Distal femoral physeal crush injury with metaphyseal comminution – A report of two cases and a new perspective to physeal injury

Prateek Behera a,b,, Nirmal Raj Gopinathan a, Avinash Kumar a, Balaji Saibaba a, Pebam Sudesh a, Rakesh John a
PMCID: PMC5832456  PMID: 29203221

Abstract

The physis of a long bone may get ‘sandwiched’ and crushed between the metaphysis and the epiphysis if it is traumatically loaded along its long axis. Such a physeal injury may lead to complications like angular deformities and growth restrictions and hence, management of such injuries requires adequate planning and attentive execution.

Two patients with distal femoral physeal crush injury were treated using a ring fixator such that one ring had the wires passing through the epiphysis and the other through the femoral shaft. On table image intensifier controlled distraction of the crushed physis was done to bring the height of the physis similar to that of the opposite limb. Patients were followed up for more than two years clinically and radiologically. There was no clinical or radiological angular deformity of the operated limbs. MRI scans showed intact physes with no physeal bar formation in either of the two patients.

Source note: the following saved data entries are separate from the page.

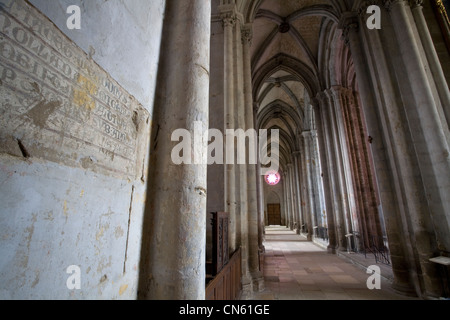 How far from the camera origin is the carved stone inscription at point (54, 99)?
0.69 metres

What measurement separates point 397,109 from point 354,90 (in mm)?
6774

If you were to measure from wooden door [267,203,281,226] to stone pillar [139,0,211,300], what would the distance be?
3199 centimetres

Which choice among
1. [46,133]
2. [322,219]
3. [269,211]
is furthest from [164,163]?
[269,211]

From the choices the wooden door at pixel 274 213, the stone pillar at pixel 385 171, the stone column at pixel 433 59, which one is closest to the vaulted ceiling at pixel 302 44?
the stone column at pixel 433 59

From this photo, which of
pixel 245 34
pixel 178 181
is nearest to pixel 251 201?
pixel 178 181

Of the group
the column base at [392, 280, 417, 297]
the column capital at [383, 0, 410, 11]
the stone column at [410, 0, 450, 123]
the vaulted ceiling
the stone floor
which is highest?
the vaulted ceiling

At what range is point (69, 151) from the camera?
0.85m

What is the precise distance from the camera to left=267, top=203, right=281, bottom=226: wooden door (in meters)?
31.7

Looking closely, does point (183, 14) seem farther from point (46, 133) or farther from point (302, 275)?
point (302, 275)

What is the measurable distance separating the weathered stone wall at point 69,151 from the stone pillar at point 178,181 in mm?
110

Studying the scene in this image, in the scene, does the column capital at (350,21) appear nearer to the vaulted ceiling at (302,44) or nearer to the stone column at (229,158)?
the vaulted ceiling at (302,44)

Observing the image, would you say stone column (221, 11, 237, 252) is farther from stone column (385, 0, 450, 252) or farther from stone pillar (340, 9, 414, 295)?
stone column (385, 0, 450, 252)

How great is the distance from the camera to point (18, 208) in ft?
2.21

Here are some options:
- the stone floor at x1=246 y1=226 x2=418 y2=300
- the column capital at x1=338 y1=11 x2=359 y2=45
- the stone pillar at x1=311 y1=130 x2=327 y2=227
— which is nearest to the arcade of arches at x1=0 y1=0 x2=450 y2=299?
the stone floor at x1=246 y1=226 x2=418 y2=300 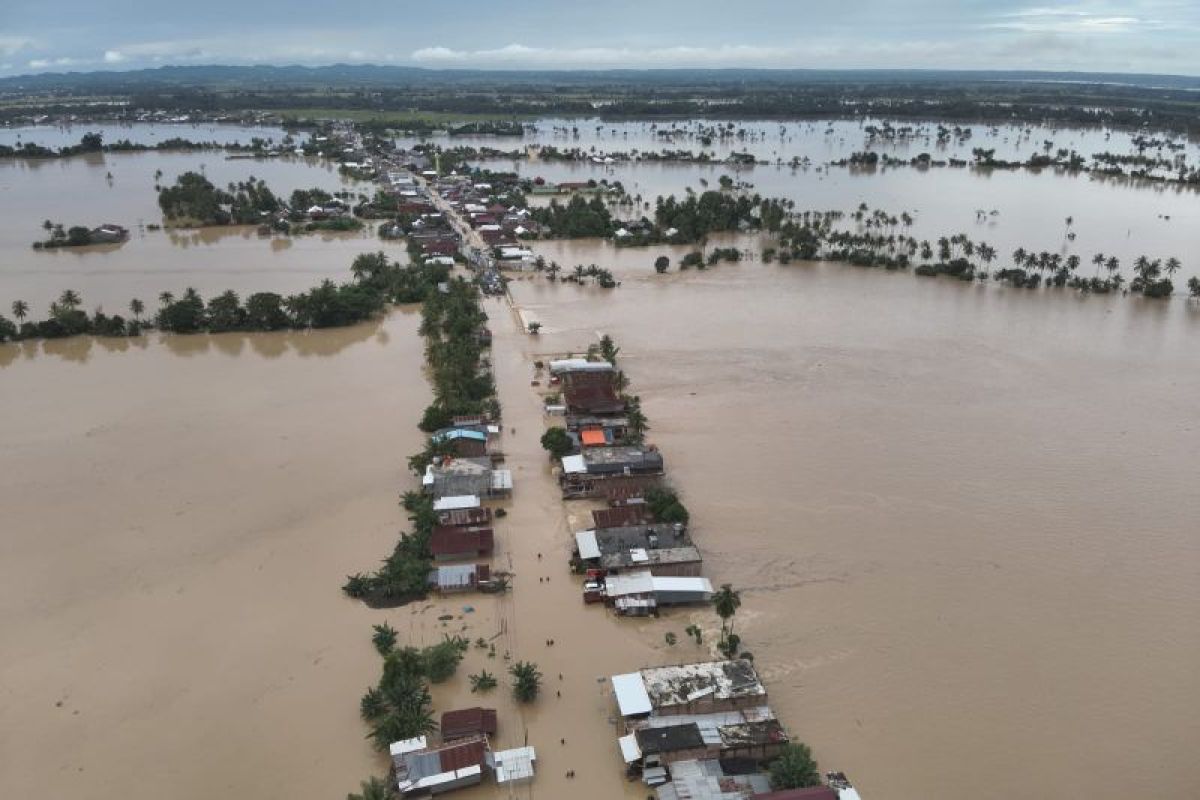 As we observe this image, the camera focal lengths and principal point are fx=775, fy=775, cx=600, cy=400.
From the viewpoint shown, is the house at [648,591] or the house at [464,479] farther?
the house at [464,479]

The distraction obtained by the ring fixator appears to have provided ample ‘breathing space’ to the compressed physis and that the growth potential may have been re-gained by the procedure. However, two years is a relatively short duration of follow-up and further follow-up of longer duration and in greater number of patients is needed to gauge the actual effectiveness of the technique used by us.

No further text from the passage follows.